EuroCalc

What is Options?

An option is a derivative contract that gives the buyer the right, but not the obligation, to buy (call) or sell (put) an underlying asset at a fixed strike price on or before a specified expiry date, in exchange for an upfront premium paid to the seller.

Buying a call gives upside exposure to the underlying with capped loss equal to the premium. Buying a put gives downside protection or speculation, again with bounded loss. Selling options reverses the profile: the writer collects the premium but takes on (in some cases unlimited) risk. Premium = intrinsic value + time value, and decays as expiry approaches.

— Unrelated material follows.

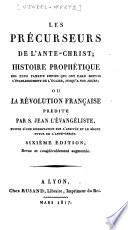 Les précurseurs de l'Ante-Christ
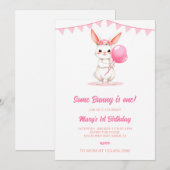 あるうさぎは１歳の招待状、あるうさぎは１歳に 招待状 (正面/裏面)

Common retail uses include covered calls (sell calls against stock you own to harvest premium income), protective puts (buy puts to insure a portfolio against a crash) and cash-secured puts (sell puts on stocks you'd happily buy cheaper). Each is a defined-risk strategy when properly sized.

Speculative call buying — popular on US apps during the 2020–21 retail boom — is extremely high-risk; the typical outcome is 90% of premium lost as the option expires worthless. Options are best understood as insurance contracts. Insurance is rarely a profitable buy from the customer's perspective, but it can be the rational hedge for risks you cannot otherwise afford.

Example

An investor owns 100 Nestlé shares at CHF 95 and sells one 6-month covered call at strike CHF 105 for a CHF 1.50 premium per share (CHF 150 total). If Nestlé closes below CHF 105, she keeps the premium (1.6% over 6 months). If it closes above CHF 105 she sells at CHF 105 + CHF 1.50 = effective CHF 106.50 — capped upside but better than current price.

Related terms

Frequently asked questions

What is an option premium?+

The price paid by the buyer to the seller for the right; equals intrinsic value plus time value, falling to intrinsic at expiry.

Calls vs puts?+

Calls = right to buy (bullish); puts = right to sell (bearish or hedging).

Can I lose more than I invest?+

As a buyer, no — max loss is the premium. As a seller of naked options, yes — losses can far exceed premium received.